▸ WHAT TO PRODUCE
Each line with the word "Youtube" must appear in the answer, copied from the records.

Recorded data

++++++++++++++++++++

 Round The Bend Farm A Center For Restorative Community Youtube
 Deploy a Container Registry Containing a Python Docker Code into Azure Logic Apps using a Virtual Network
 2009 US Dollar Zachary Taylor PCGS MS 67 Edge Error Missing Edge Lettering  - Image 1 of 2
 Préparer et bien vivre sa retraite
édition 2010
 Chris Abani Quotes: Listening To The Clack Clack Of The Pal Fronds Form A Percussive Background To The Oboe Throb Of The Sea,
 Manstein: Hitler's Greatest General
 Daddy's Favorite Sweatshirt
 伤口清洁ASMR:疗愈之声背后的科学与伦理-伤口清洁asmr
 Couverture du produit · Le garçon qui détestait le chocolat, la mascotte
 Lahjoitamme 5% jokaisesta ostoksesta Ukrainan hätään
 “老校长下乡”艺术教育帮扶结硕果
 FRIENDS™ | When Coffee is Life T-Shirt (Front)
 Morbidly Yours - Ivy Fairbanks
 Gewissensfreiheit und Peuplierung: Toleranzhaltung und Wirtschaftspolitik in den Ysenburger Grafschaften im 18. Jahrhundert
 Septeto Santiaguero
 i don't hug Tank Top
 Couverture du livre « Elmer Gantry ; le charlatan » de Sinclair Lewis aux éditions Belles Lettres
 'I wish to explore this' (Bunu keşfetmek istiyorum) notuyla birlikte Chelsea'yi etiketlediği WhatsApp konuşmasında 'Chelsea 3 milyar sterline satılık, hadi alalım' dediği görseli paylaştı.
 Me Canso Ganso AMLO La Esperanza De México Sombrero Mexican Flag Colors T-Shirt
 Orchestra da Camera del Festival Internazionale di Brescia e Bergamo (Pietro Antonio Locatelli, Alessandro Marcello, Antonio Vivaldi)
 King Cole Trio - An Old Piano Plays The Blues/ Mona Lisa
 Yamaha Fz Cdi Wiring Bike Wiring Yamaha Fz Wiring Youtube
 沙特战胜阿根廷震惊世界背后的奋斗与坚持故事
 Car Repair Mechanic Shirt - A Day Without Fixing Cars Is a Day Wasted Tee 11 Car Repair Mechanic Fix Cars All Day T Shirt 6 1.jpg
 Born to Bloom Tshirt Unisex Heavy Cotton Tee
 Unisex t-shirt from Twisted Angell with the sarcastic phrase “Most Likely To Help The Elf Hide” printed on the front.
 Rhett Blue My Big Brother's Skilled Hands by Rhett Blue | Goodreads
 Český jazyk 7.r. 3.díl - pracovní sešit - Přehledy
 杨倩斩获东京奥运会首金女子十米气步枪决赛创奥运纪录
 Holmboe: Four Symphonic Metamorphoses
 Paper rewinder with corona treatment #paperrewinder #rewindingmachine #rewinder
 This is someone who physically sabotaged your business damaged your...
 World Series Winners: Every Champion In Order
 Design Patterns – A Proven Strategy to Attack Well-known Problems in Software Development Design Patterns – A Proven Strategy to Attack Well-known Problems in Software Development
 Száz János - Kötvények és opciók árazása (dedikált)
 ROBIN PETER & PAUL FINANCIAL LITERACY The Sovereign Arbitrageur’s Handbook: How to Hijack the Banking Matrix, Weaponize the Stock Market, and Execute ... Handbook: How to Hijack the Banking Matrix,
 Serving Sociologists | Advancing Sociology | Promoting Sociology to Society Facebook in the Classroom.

++++++++++++++++++++

▸ SOLUTION TO THE EXERCISE
 Round The Bend Farm A Center For Restorative Community Youtube
 Yamaha Fz Cdi Wiring Bike Wiring Yamaha Fz Wiring Youtube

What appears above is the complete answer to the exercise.